● **Task description**
In the data below, find the line with "Top alabama Crimson" and the line with "Cover image for", then restate both and every line between them exactly, minus the pictures.

:::

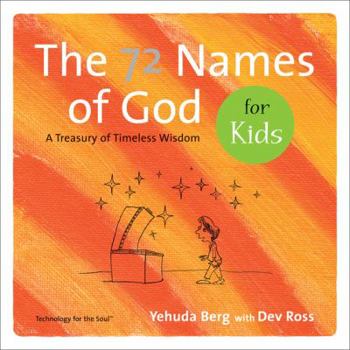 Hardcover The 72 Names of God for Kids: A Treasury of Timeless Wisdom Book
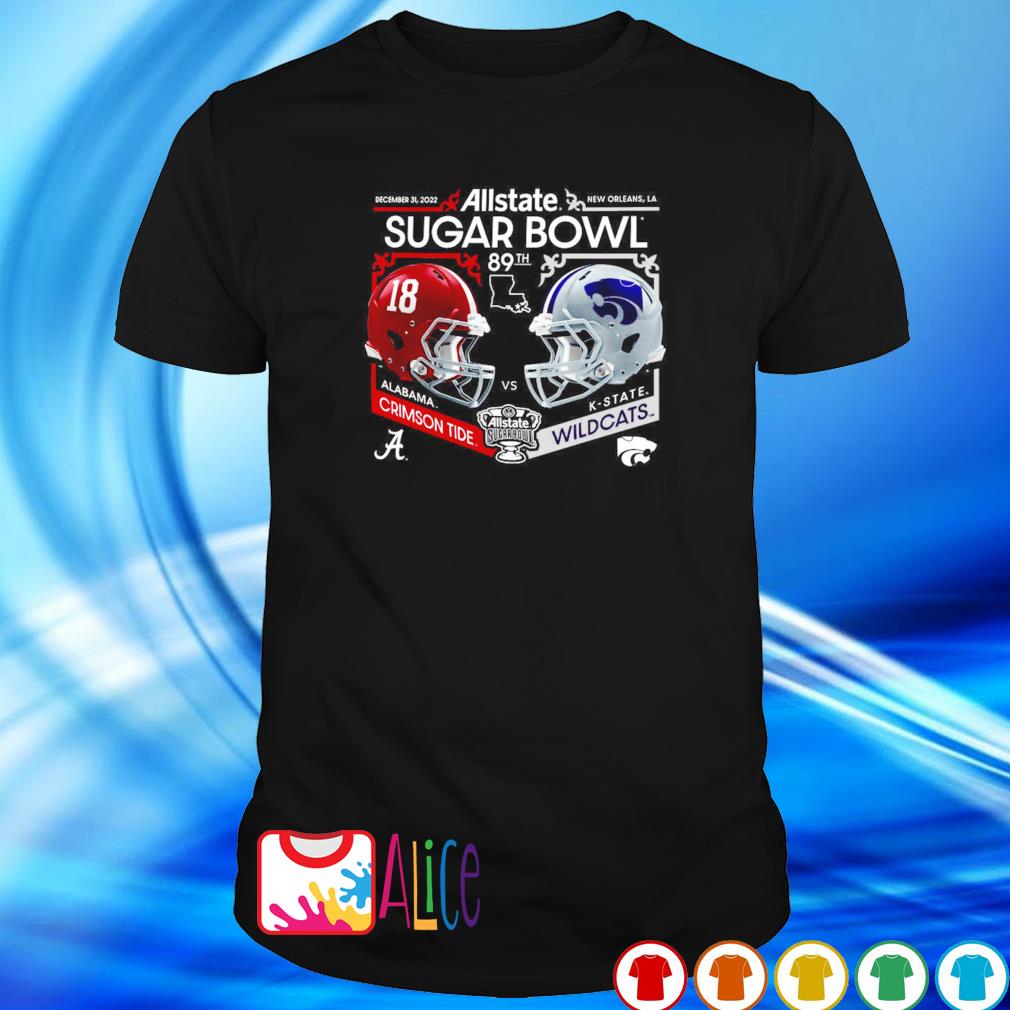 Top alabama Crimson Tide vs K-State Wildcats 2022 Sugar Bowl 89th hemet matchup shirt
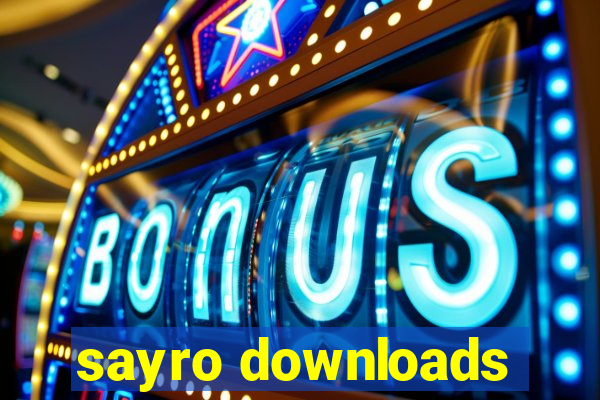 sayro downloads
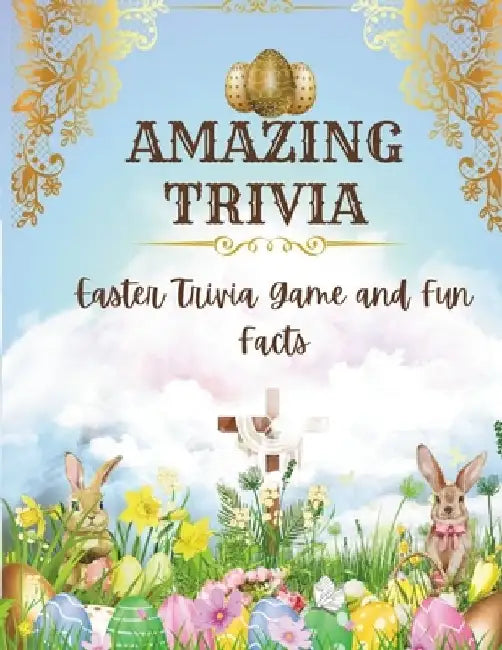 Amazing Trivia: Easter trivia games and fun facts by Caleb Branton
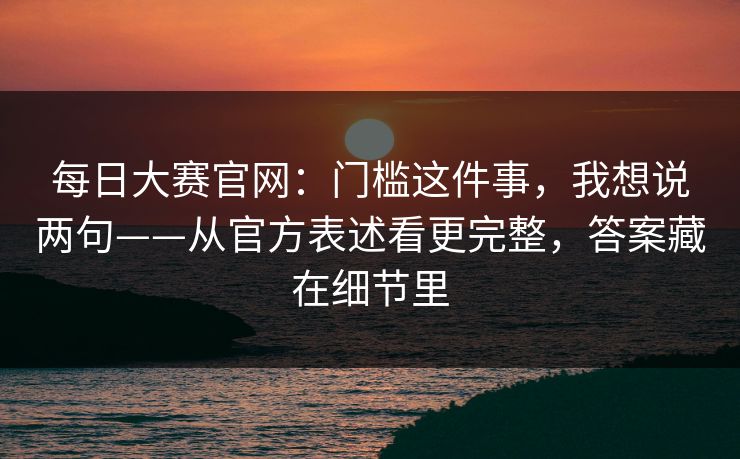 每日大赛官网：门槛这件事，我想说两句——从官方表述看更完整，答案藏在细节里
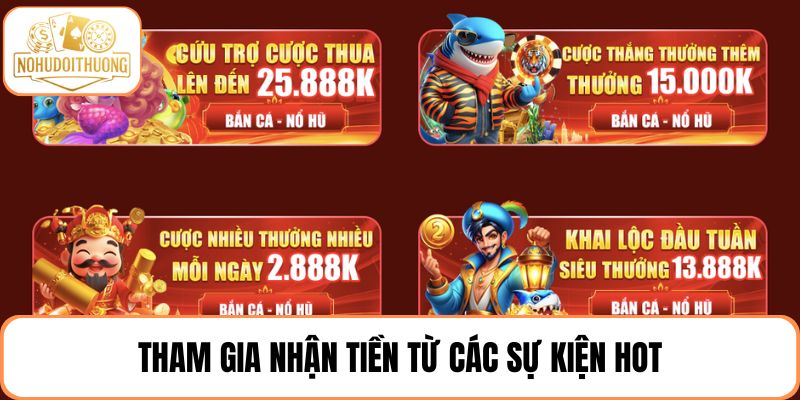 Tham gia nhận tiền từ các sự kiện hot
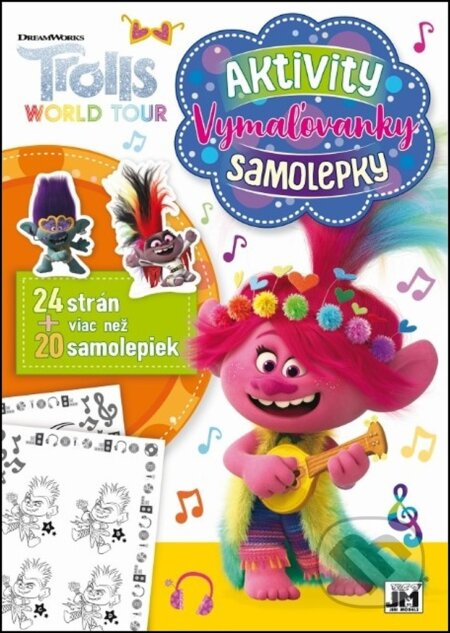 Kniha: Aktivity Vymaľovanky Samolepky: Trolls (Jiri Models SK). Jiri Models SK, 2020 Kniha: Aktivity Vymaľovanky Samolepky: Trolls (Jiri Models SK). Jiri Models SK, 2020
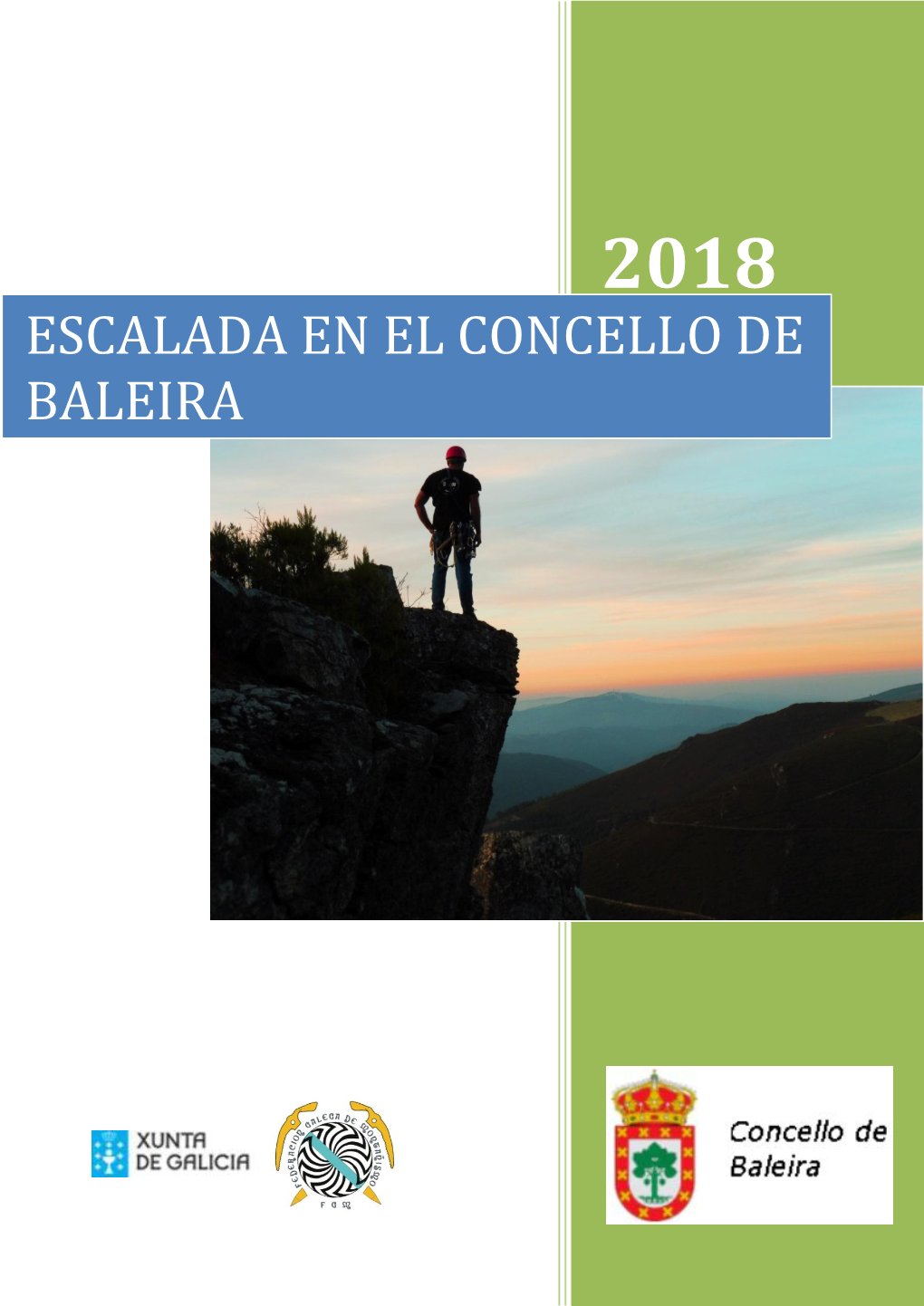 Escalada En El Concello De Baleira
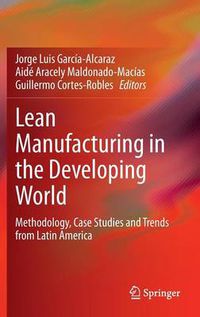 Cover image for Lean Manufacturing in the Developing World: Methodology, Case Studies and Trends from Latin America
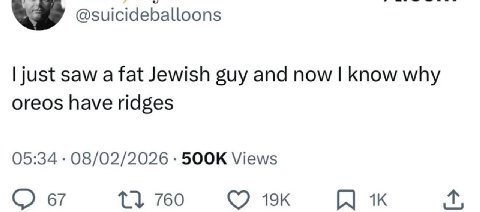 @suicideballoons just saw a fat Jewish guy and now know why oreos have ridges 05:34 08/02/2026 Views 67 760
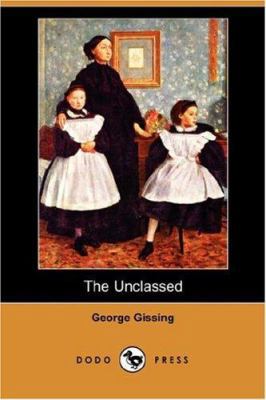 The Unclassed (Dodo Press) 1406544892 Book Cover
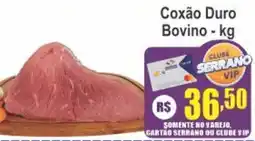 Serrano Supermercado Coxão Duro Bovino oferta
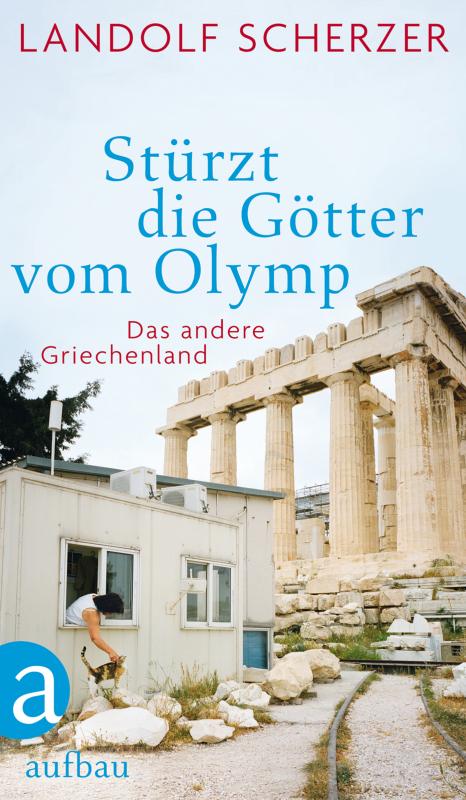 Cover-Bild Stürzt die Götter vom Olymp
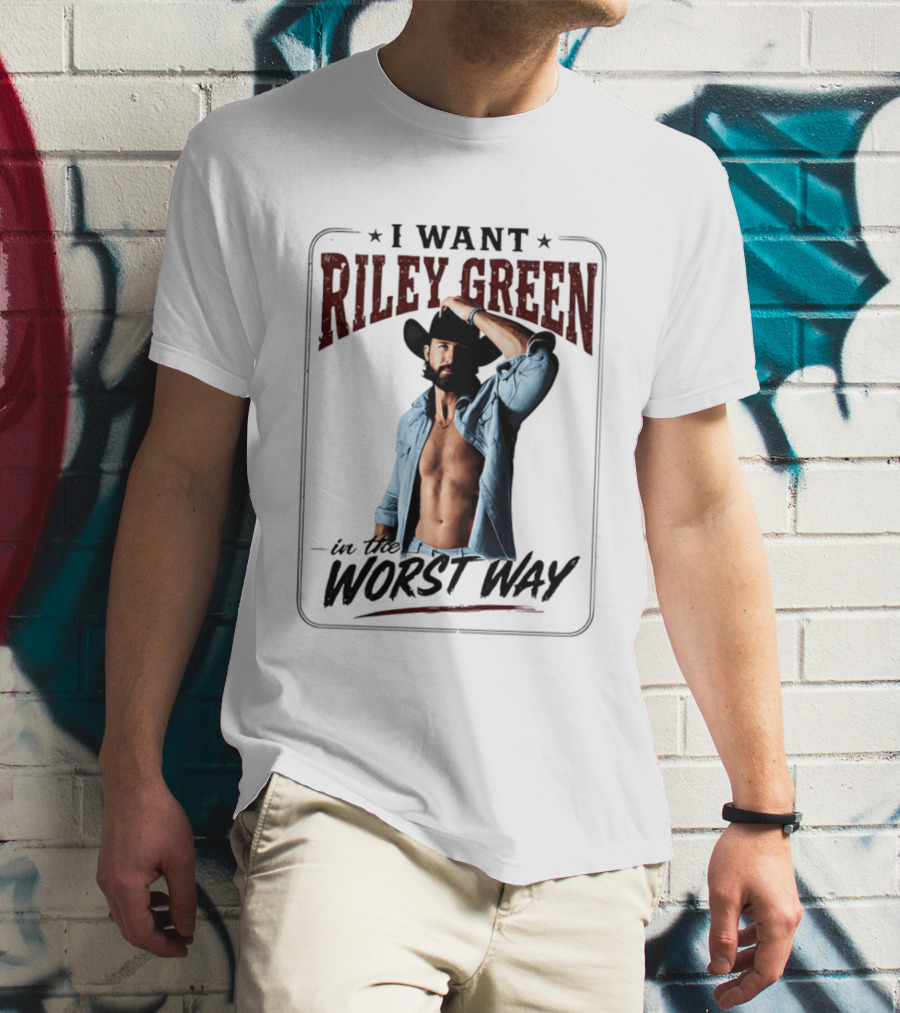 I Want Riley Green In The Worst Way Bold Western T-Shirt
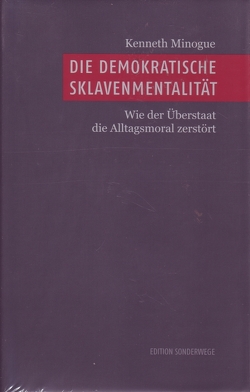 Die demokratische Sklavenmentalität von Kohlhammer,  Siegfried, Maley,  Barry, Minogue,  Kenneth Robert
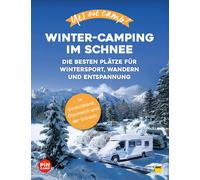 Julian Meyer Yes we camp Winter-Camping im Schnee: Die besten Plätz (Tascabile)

:::

● **Written solution**
 Top alabama Crimson Tide vs K-State Wildcats 2022 Sugar Bowl 89th hemet matchup shirt
 sayro downloads
 Amazing Trivia: Easter trivia games and fun facts by Caleb Branton
 每日大赛官网：门槛这件事，我想说两句——从官方表述看更完整，答案藏在细节里
 Tham gia nhận tiền từ các sự kiện hot
 Kniha: Aktivity Vymaľovanky Samolepky: Trolls (Jiri Models SK). Jiri Models SK, 2020 Kniha: Aktivity Vymaľovanky Samolepky: Trolls (Jiri Models SK). Jiri Models SK, 2020
 Escalada En El Concello De Baleira
 Cover image for Lean Manufacturing in the Developing World: Methodology, Case Studies and Trends from Latin America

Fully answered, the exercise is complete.